Что же, и это верно: длинна. Сократить бы, в самом деле, не худо, но вот вопрос — что именно? И ответ:
«…Рассказы о Креке… об Антихристе нужно выбросить или сократить… Разговор Муромского с Высоким Лицом надо смягчить…»
Нехорошо также, продолжает советчик, что чиновники — «шайка разбойников, атаман которой Важное Лицо и Варравин — есаул их Тарелкин — не слишком ли это форсированно…» И — вот наконец то, к чему я и веду:
«…Было бы не худо (худо!), если б при известии о смерти Муромского (за сценой) экзекутор и Тарелкин (в котором пробудилось нечто человеческое) клянутся… объявить под присягой о воровстве Варравина. Тарелкин, услышав о приходе Его Высокопревосходительства (Весьма важного лица. — Ст. Р.), собирается идти к нему навстречу и открыть всю правду, как она была, обвинив и себя самого».
Великолепно!
Ибо — мало того, что поруганная добродетель теперь как бы и не совсем поругана, а отомщена, да и погиб Муромский, как оказалось, в общем случайно, лишь потому, что Тарелкин не догадался раскаяться чуть ранее. Да, мало того. Вдобавок и зло совсем не безнадежно для исправления — не один Тарелкин, но и загребущий экзекутор Живец, оскорбленный, помнится, тем, что его, одаряя малиной и персиками, принимают за млекопитающее, оба они, устыдившись, возвращаются в лоно добра. А самое главное — и отмщение, и исправление происходит под защитной сенью Его Высокопревосходительства, Весьма важного лица, верховной власти. Добродетель нижестоящая (Муромский) и вышестоящая (Лицо) сомкнулись в трогательном единении, походя и сообща перевоспитали Тарелкина с Живцом, и один только Варравин злобно глядит нераскаянным, но уже зато и разоблаченным злодеем.
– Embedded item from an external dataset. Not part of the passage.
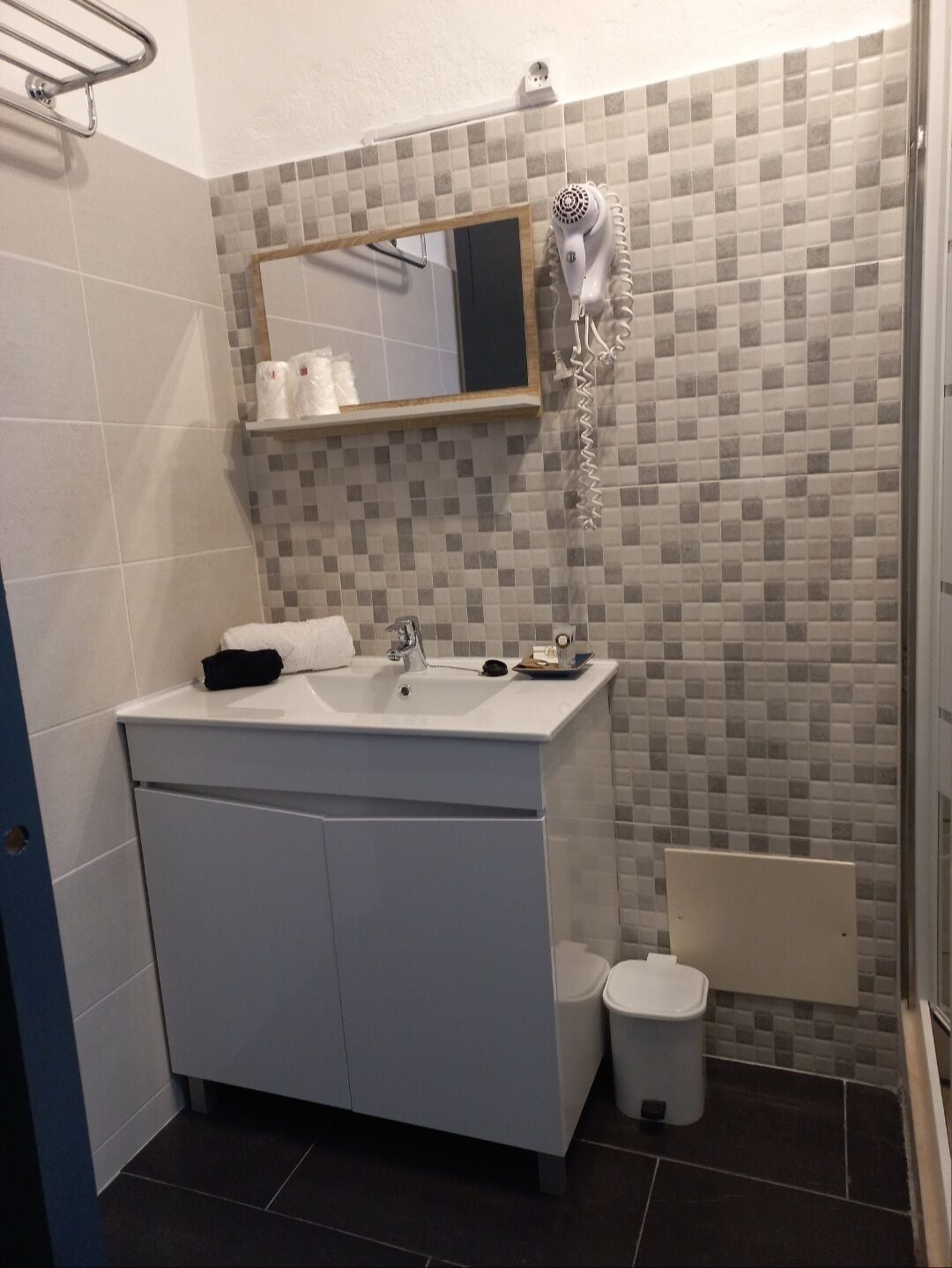 A modern bathroom with a white sink, mirror, and tiled backsplash.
«Было бы не худо…» — мягко рекомендовал влиятельный знакомец. «Худо!» — немедля откликнулся Александр Васильевич: скобки и то, что в них, принадлежат ему.
Все-таки последовательнее всех прочих высказался Михаил Николаевич Лонгинов, небезызвестный Миша, угодивший под этой фамильярной кличкой и в одноименную незаконченную поэму Некрасова, и в сатирическое послание к нему, к Мише, Алексея Константиновича Толстого, — видный библиограф, добродушный циник, отъявленный порнограф и крутой цензор… Кстати сказать, сочетание этих не совсем сочетаемых качеств, и в особенности двух последних, — характернейшая черта не просто того или иного типа, но времени. Двое-, — а может быть, трое-, — а возможно, даже и четверодушия не стыдятся. Его воспринимают как должное. Как норму.
Лонгинов откровенничал в рифмах, самых что ни на есть рискованных:
Стихи пишу я не для дам,
Все больше о… и…
Я их в цензуру не отдам,
А напечатаю в Карлсруэ.
(Как, заметим в скобках, и Сухово-Кобылин свое «Дело» — в Лейпциге: таково забавно-горестное, насильственно-оскорбительное сродство всего «нецензурного», будь то гениальная сатира или похабный стишок, — уже в начале нашего века знаменитый журналист опишет железнодорожное полотно на подъезде к российской границе «оттуда»: валяющиеся вдоль него книги Герцена вперемешку с полоумной декадентщиной и порнографическим паскудством. Все в равной мере запретное, и все выброшено русскими пассажирами в вагонное окно из опасения полицейского досмотра.)
Лонгинов откровенничал с бесстыдством или, по крайней мере, с отсутствием стыдливости; известный же нам Евгений Феоктистов, свирепый гонитель Сухово-Кобылина и чуть не всего русского слова, затевая свои записки, — между прочим, интереснейшие, — также заявлял не без сожаления, но с полным сознанием обыкновенности происходящего: «… я писал, не соображаясь с цензурными условиями, и, вероятно, не мало пройдет времени, пока все, написанное мною, можно будет напечатать».